There are also concerns about the chemicals that go into decorating tshirts in the US. We actually have laws which dictate what can be put on a tshirt and laws that mandate those substances be tested and certified safe. CPSIA

http://www.t-shirtforums.com/general-t-shirt-selling-discussion/t69913.html

Newbies always seem to think this is some magic innovation, it is not.


----------



## Ripcord (Sep 2, 2006)

mgparrish said:


> .
> 
> JPSS inkjet transfer paper using pigment ink in a inkjet printer will get you the same or better results.


I was even suspecting that's what this is. Sublimation transfers don't stick to the shirt like that and the print isn't shiny like the one in the video.


----------



## dis2u (Jul 26, 2015)

I seen the conde video once, it's looks more easy and may not misapplied, but how much does it cost using their material in A3, it's still higher than JPSS?


----------



## mgparrish (Jul 9, 2005)

dis2u said:


> I seen the conde video once, it's looks more easy and may not misapplied, but how much does it cost using their material in A3, it's still higher than JPSS?


JPSS is about a buck for a 11 x 17

It has hand initially but gone after the first wash.
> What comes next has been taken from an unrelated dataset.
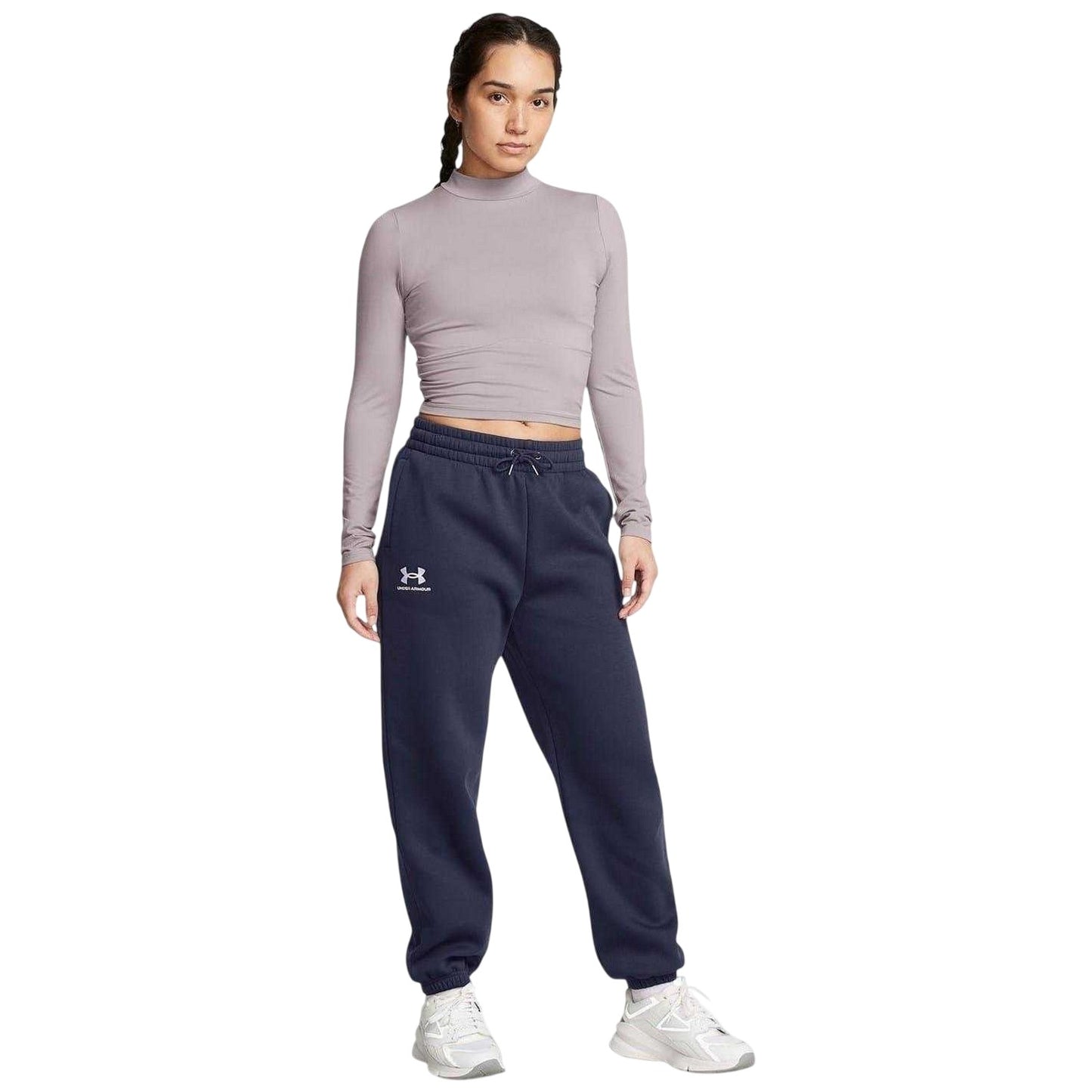 Grey - Lifestyle - Under Armour Womens-Ladies Meridian Mock Neck Slim T-Shirt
Using pigment inks it is permanent.

If you use it on white 50/50 there is only a very faint hint of a background "window" in the un-printed areas and none showing after the first wash.

It can be sublimated but it's main purpose is for using regular inkjet inks. Pigments for the best washabilty.

It is the next best thing to sublimation on white t-shirts but doesn't need poly.


----------



## SDP1116 (Jul 27, 2016)

mgparrish said:


> This is nothing new. You are "prepping" cotton with a chemical that is sublimatable.
> 
> You can the same results or better using a "prep paper" than using a powder, solution, etc.
> 
> ...


 I'm curious to know what inkjet printer you use. Sorry if it's a silly question but I'm learning and would appreciate hearing back from you. Thank you. 

Sent from my VS990 using Tapatalk


----------



## mgparrish (Jul 9, 2005)

SDP1116 said:


> I'm curious to know what inkjet printer you use. Sorry if it's a silly question but I'm learning and would appreciate hearing back from you. Thank you.
> 
> Sent from my VS990 using Tapatalk


Currently use the Epson WF7110 and 4880.


----------



## SDP1116 (Jul 27, 2016)

mgparrish said:


> Currently use the Epson WF7110 and 4880.


Great! Thanks so much!!!

Sent from my VS990 using Tapatalk


----------